• _What the task requires_: Once you reach the line with "Step 5: Mix" below, copy each line exactly, stopping after the line with "Hi friends, Assalamualaikum, welcome", and skip any pictures.
-------- Data provided --------
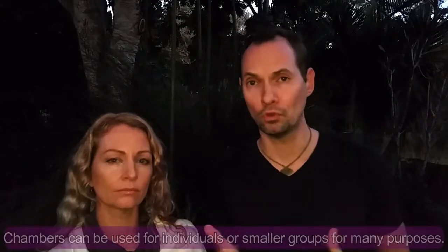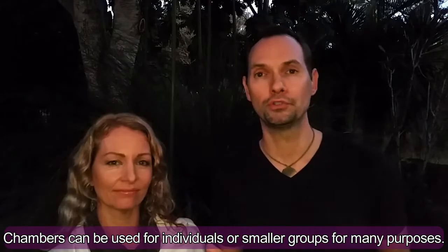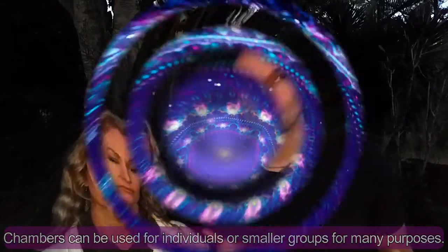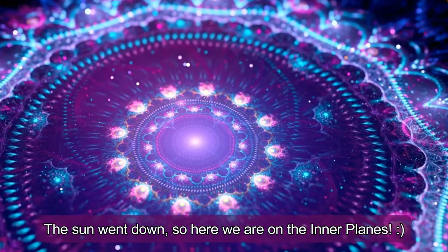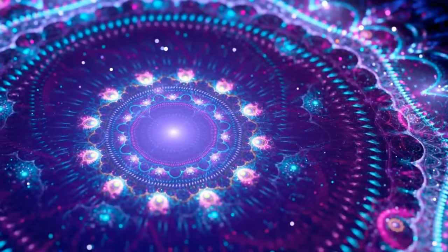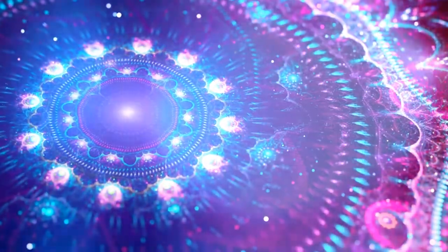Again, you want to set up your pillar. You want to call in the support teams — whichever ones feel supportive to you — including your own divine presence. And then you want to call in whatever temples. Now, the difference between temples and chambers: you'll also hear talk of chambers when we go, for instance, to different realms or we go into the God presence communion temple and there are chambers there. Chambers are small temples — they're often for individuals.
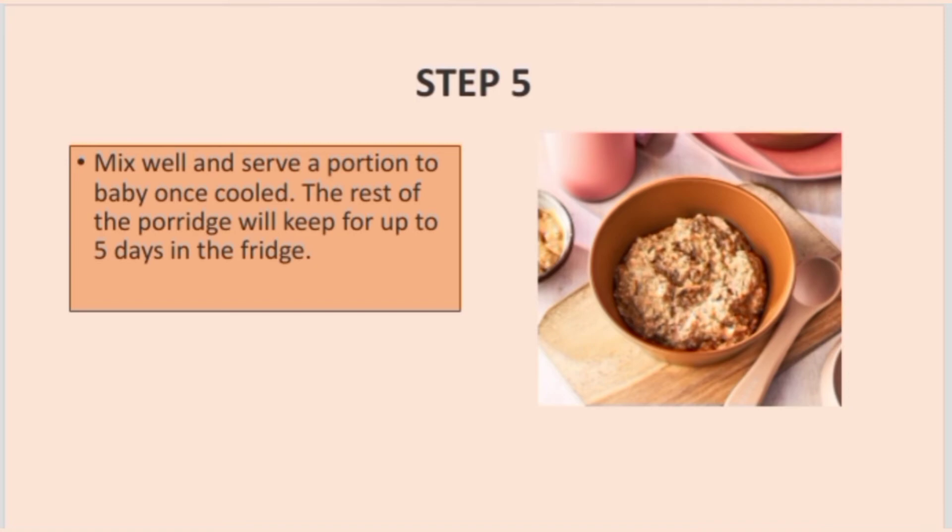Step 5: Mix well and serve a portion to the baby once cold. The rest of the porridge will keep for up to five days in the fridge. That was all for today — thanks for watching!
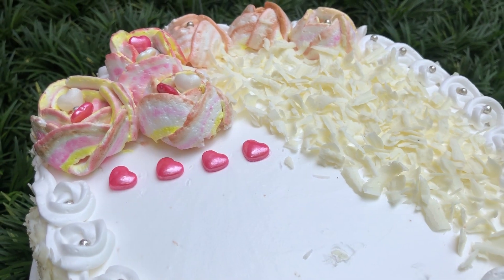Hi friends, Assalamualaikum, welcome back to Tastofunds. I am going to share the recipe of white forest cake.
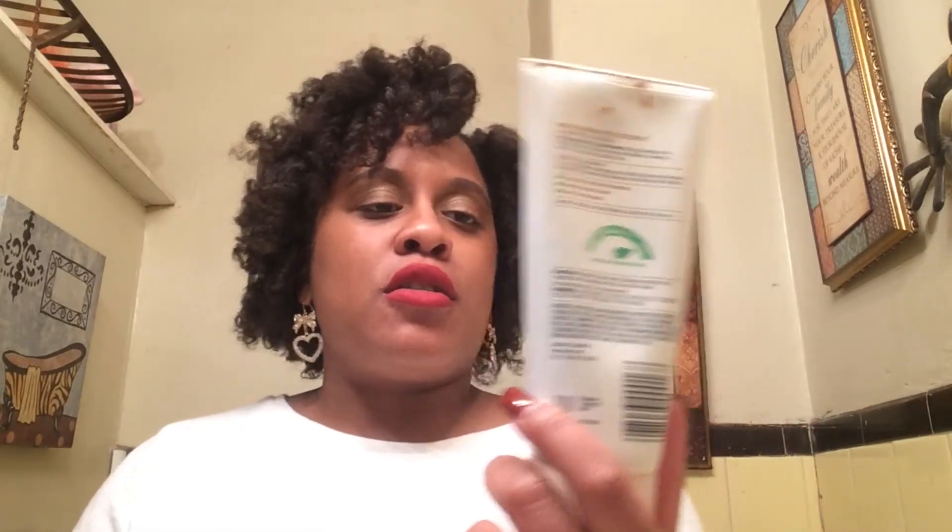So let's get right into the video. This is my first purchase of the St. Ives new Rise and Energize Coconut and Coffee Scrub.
--------
-------- Data provided --------
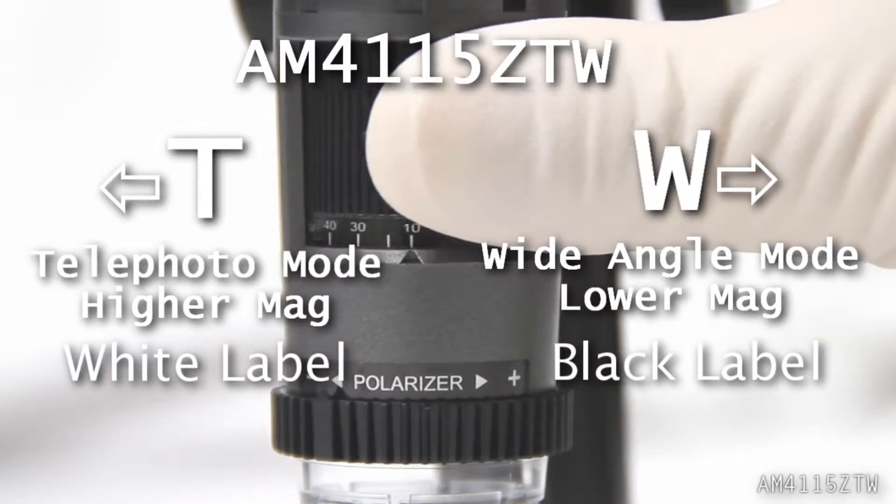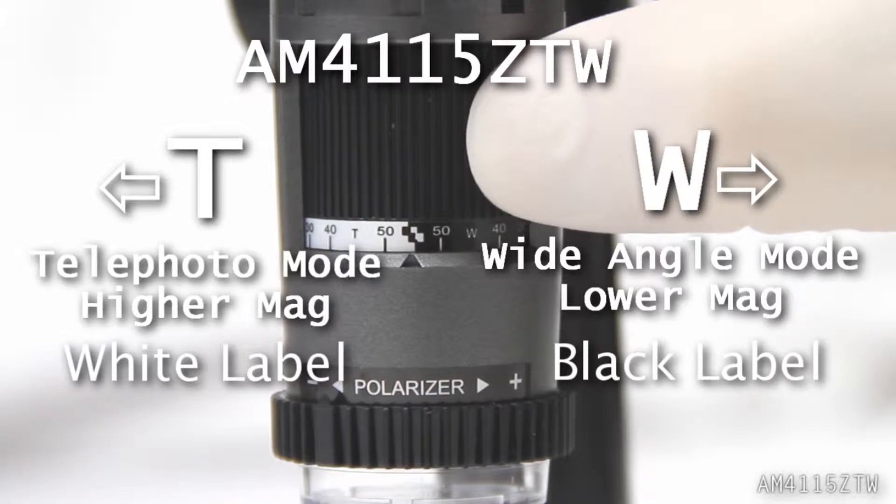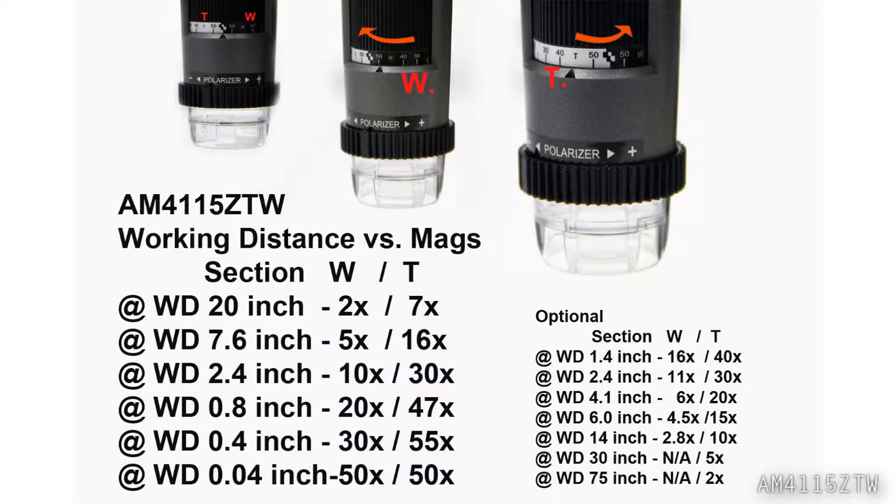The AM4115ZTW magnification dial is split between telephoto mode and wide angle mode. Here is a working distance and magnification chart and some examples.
--------
• _Result of this task_:
Step 5: Mix well and serve a portion to the baby once cold. The rest of the porridge will keep for up to five days in the fridge. That was all for today — thanks for watching!
Hi friends, Assalamualaikum, welcome back to Tastofunds. I am going to share the recipe of white forest cake.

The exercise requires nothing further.